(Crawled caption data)

= Beginning of Section =

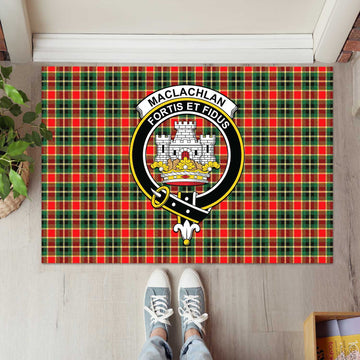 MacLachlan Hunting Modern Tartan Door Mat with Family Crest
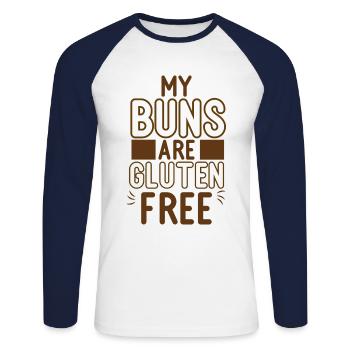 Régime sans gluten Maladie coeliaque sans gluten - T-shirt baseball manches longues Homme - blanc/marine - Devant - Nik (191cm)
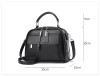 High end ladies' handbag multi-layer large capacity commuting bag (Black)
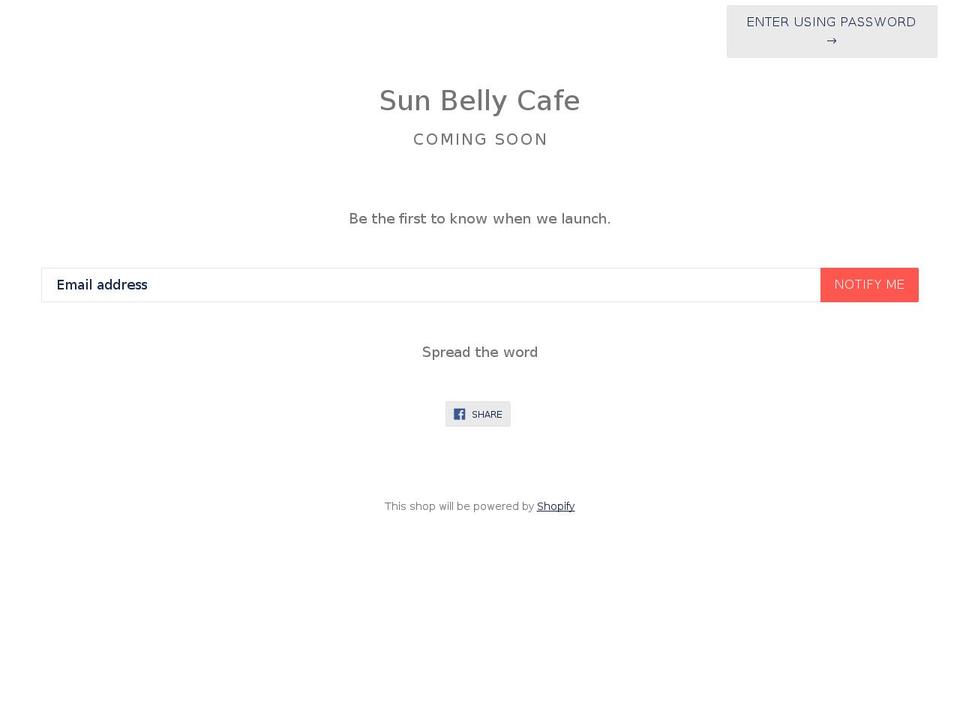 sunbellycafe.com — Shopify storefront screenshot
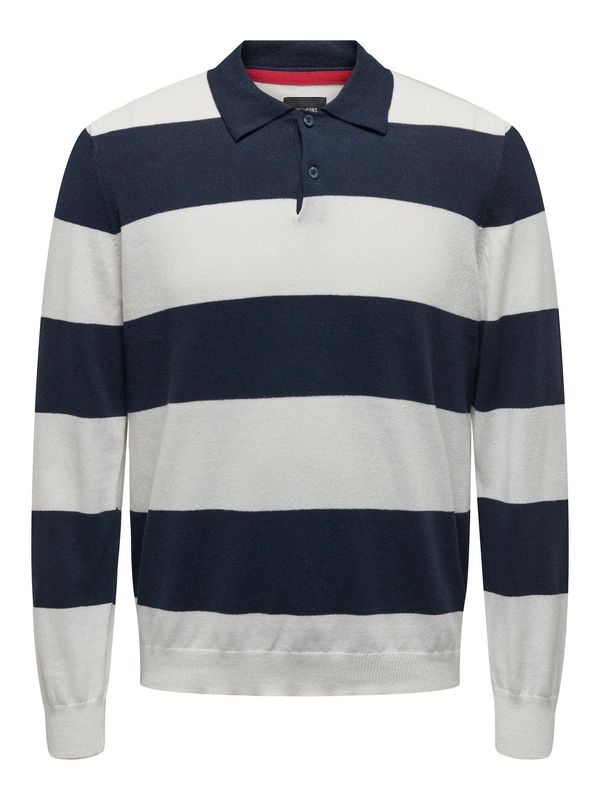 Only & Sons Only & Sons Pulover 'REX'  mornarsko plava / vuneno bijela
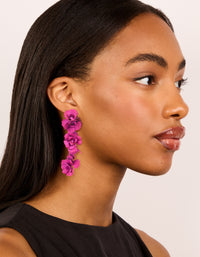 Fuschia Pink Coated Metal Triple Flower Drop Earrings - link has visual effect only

= End of Section =

PROBLEM STATEMENT => When the line containing "Only & Sons Only" is reached, write out that line and each one after it exactly, ending with the last line of the records; pictures are not copied.

REPLY =>
 Only & Sons Only & Sons Pulover 'REX'  mornarsko plava / vuneno bijela
 Fuschia Pink Coated Metal Triple Flower Drop Earrings - link has visual effect only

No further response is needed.